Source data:
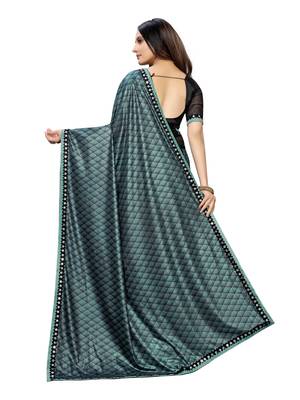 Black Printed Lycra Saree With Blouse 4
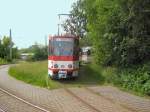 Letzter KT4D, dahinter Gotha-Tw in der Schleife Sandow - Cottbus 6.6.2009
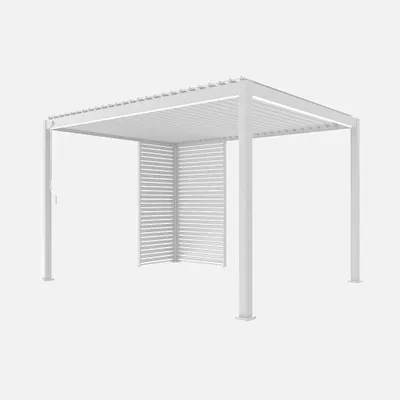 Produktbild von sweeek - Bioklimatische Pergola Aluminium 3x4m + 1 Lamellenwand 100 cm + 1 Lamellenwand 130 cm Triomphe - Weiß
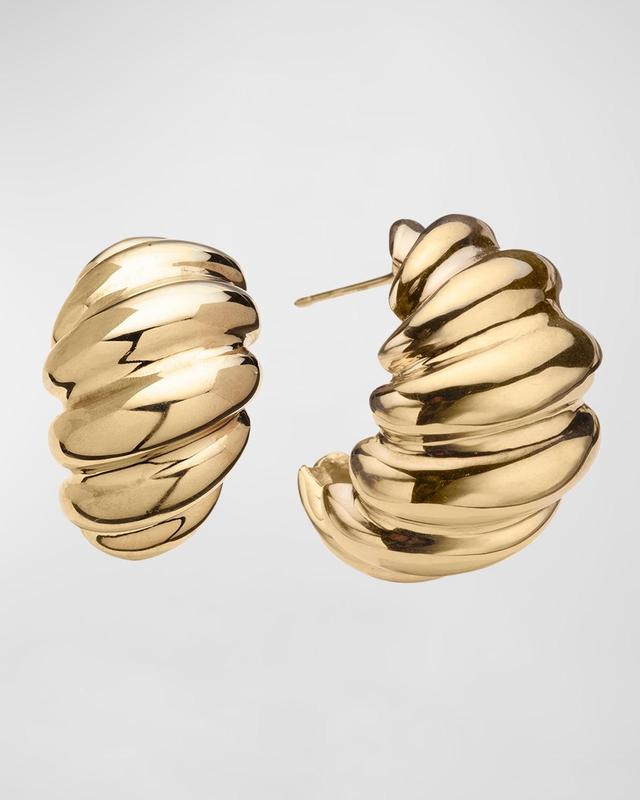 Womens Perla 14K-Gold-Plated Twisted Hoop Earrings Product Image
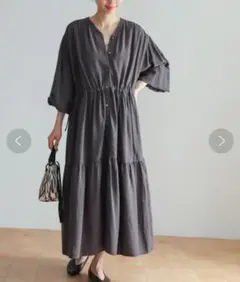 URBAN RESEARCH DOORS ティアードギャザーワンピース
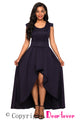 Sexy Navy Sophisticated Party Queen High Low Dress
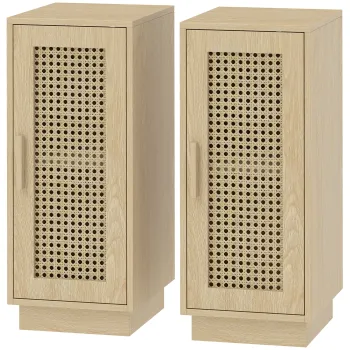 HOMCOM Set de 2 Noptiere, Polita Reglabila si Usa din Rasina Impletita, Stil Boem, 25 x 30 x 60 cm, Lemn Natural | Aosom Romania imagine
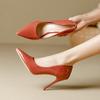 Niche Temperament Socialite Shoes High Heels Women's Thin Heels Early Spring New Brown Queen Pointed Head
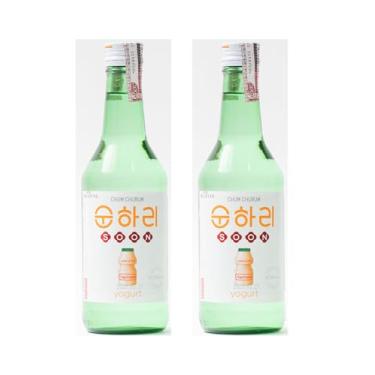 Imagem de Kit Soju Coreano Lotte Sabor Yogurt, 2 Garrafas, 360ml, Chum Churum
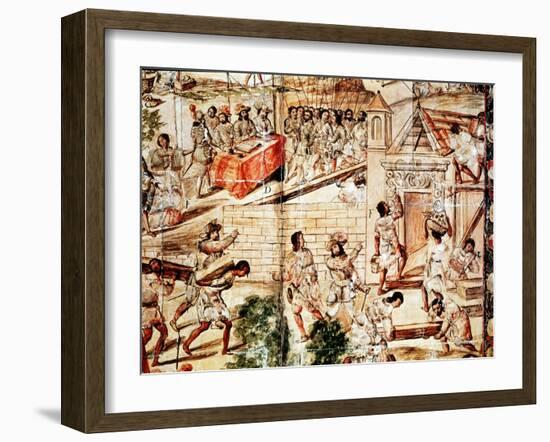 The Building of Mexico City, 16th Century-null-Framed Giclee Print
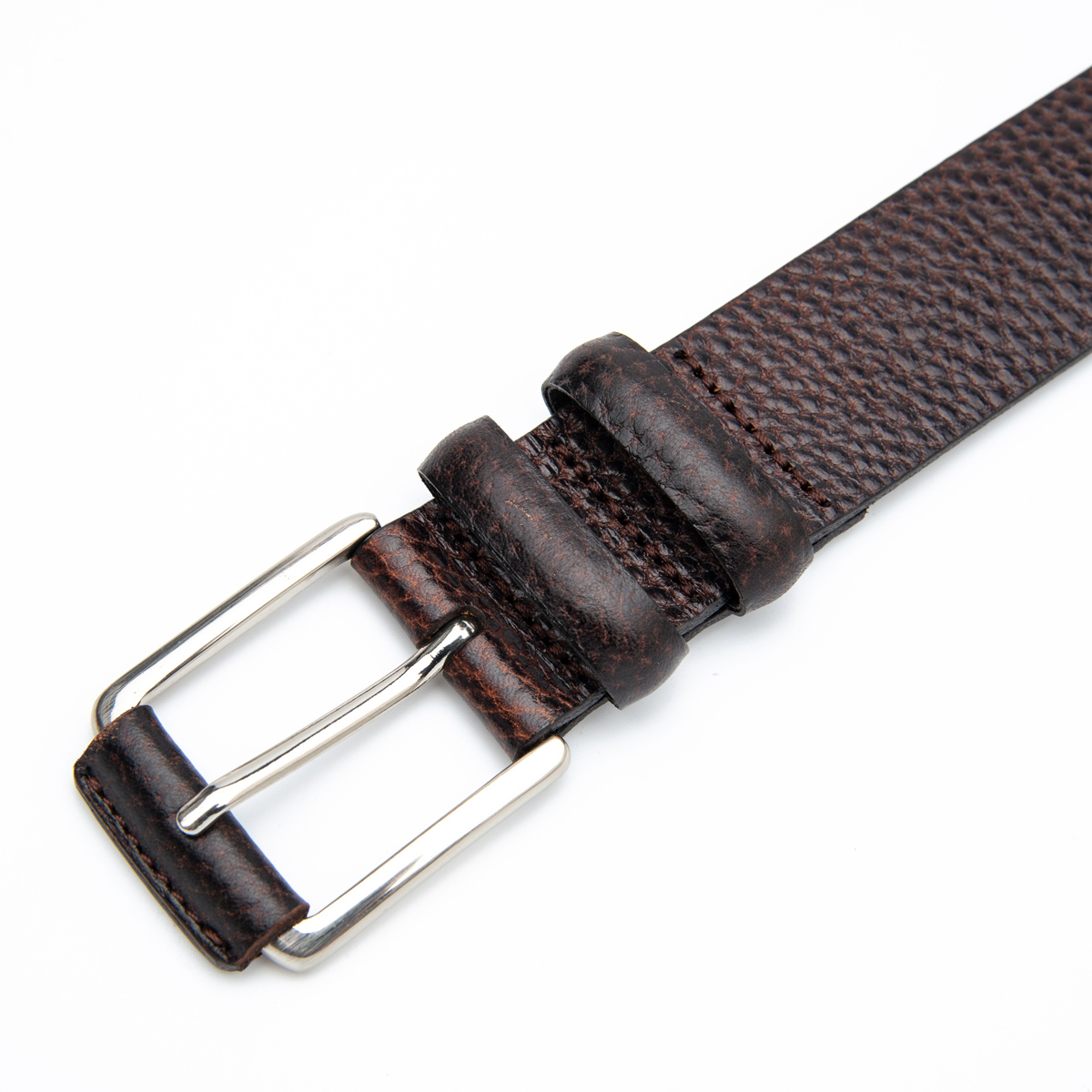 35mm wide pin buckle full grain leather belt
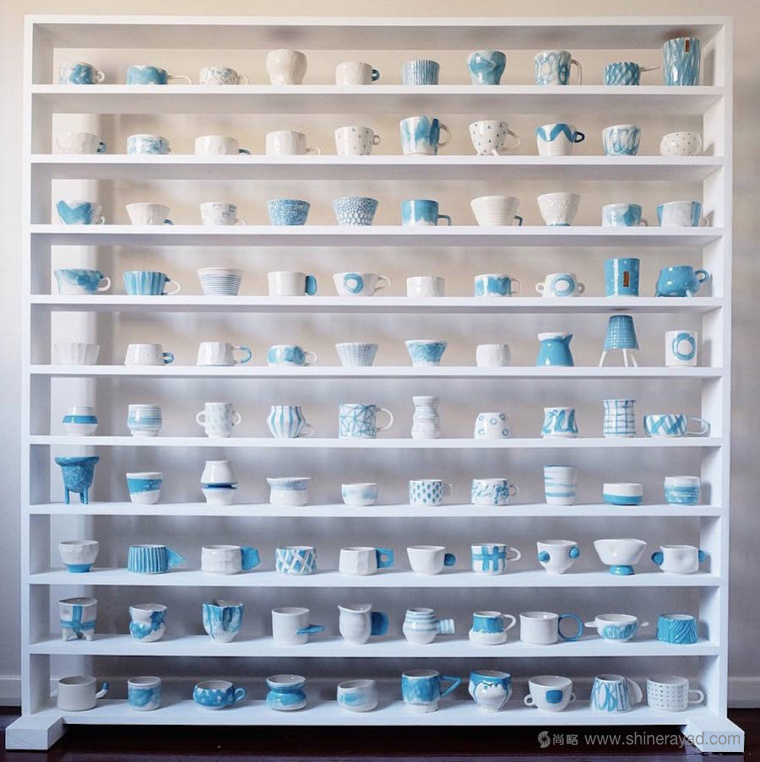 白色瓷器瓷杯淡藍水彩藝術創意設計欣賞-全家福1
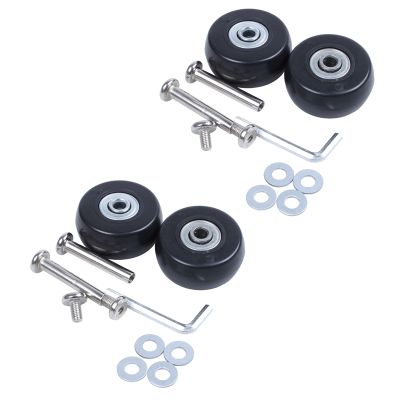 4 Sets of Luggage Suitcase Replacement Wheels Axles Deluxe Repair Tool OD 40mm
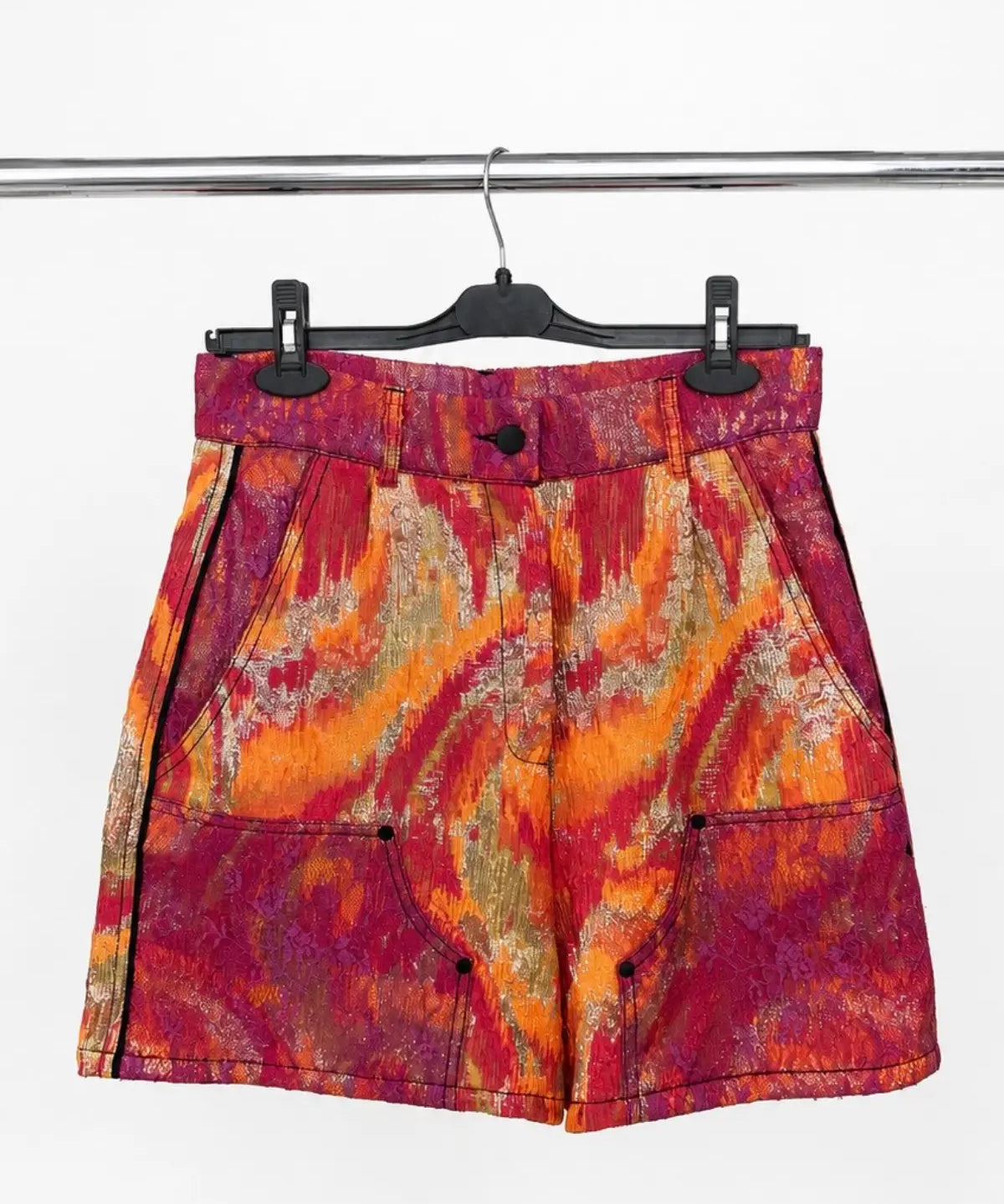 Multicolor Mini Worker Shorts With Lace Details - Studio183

» **Task**
Reproduce the lines from the one with "Imagem de Kit" through the end of the data, keeping both end lines, adding nothing, and dropping any pictures.

» **Final answer**
 Imagem de Kit Soju Coreano Lotte Sabor Yogurt, 2 Garrafas, 360ml, Chum Churum
 The Building of Mexico City, 16th Century-null-Framed Giclee Print
 35mm wide pin buckle full grain leather belt
 白色瓷器瓷杯淡藍水彩藝術創意設計欣賞-全家福1
 4 Sets of Luggage Suitcase Replacement Wheels Axles Deluxe Repair Tool OD 40mm
 Multicolor Mini Worker Shorts With Lace Details - Studio183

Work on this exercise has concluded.